● **THE TASK**: Starting at the line with "11337 Vista Elevada, San", retype every remaining line of the records exactly. Do not include pictures.

──────── MATERIAL FOR THIS TASK ────────

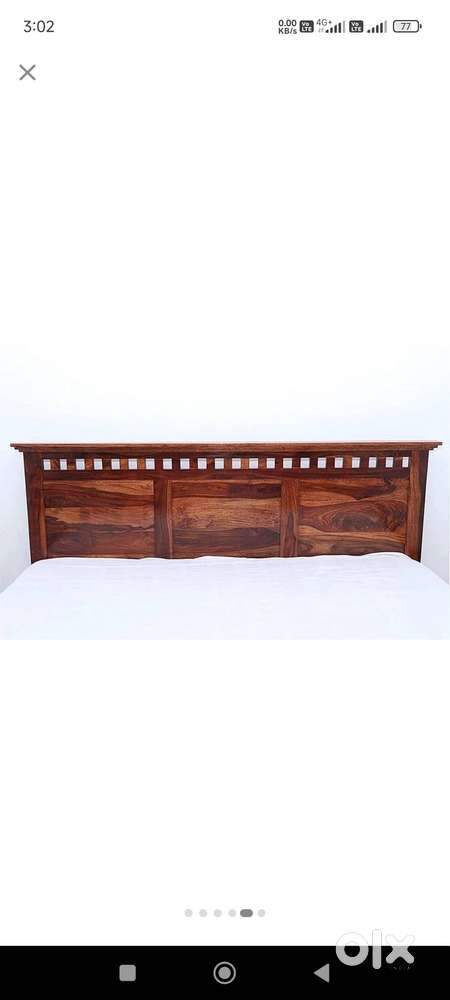 Wooden bed including storage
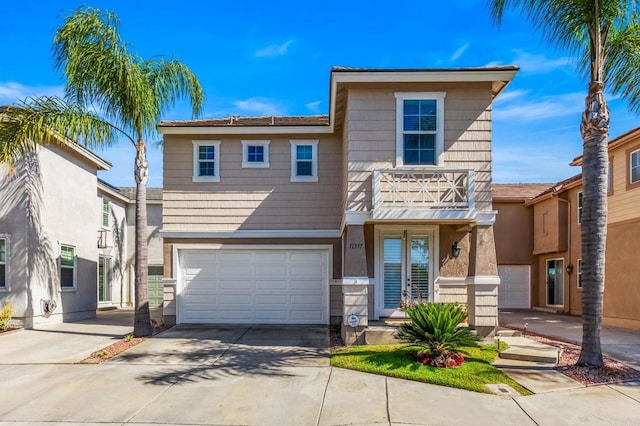 11337 Vista Elevada, San Diego, CA 92131 - view of property with a balcony, driveway, a garage, and stucco siding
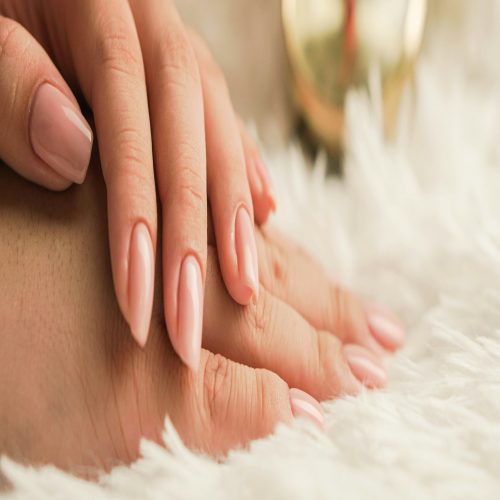 a close up of a person's hands with a manicure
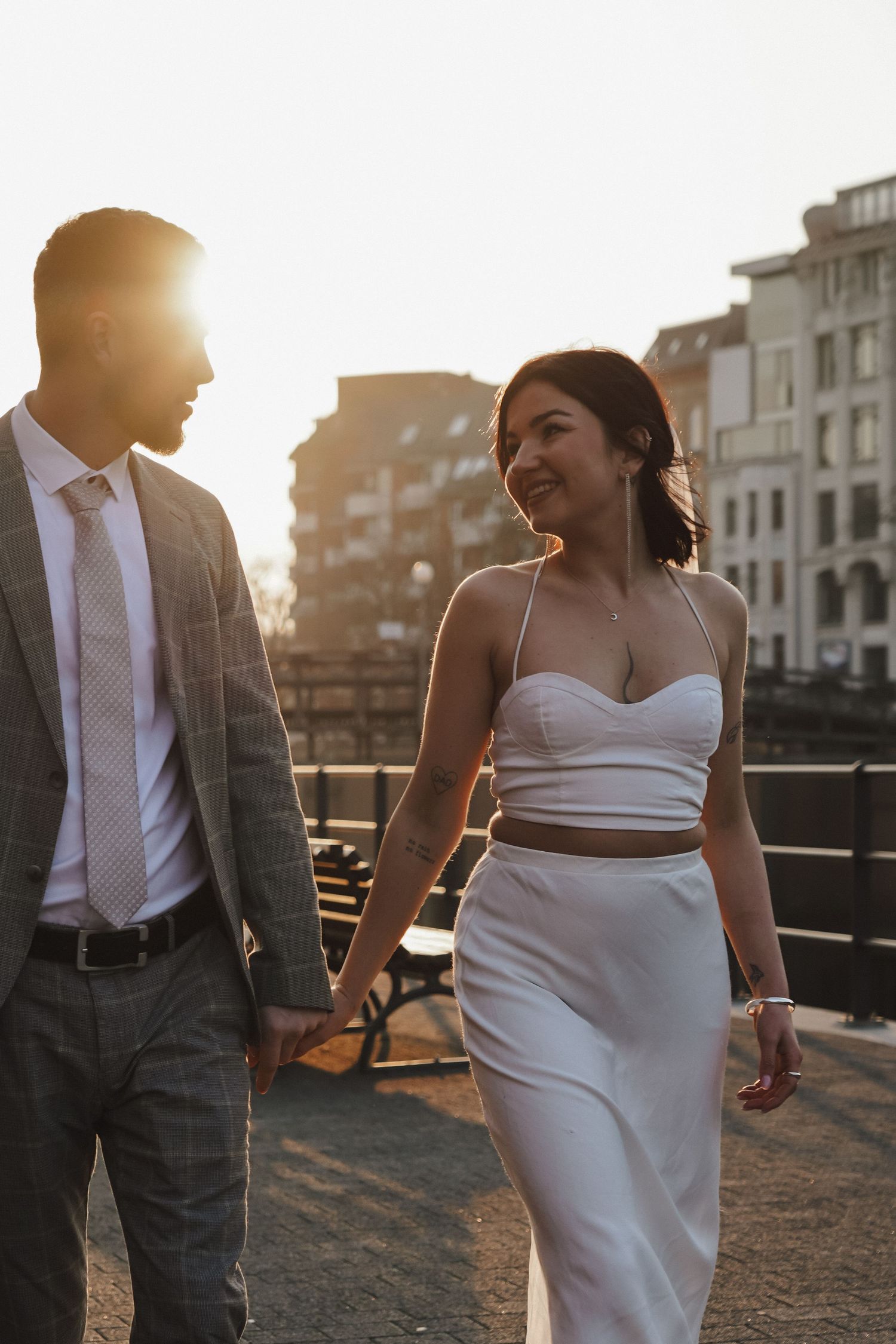 Sunset wedding photo of couple walking together on urban rooftop.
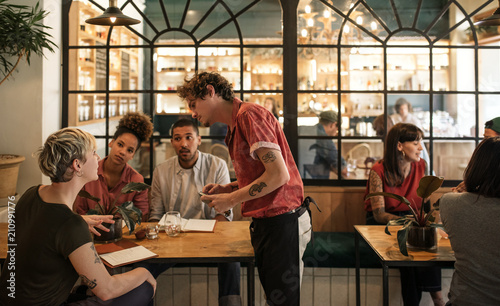 Waiter taking orders from customers sitting in a bistro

────────

● **ANSWER TO THIS EXERCISE**:
 11337 Vista Elevada, San Diego, CA 92131 - view of property with a balcony, driveway, a garage, and stucco siding
 a close up of a person's hands with a manicure
 Sunset wedding photo of couple walking together on urban rooftop.
 Waiter taking orders from customers sitting in a bistro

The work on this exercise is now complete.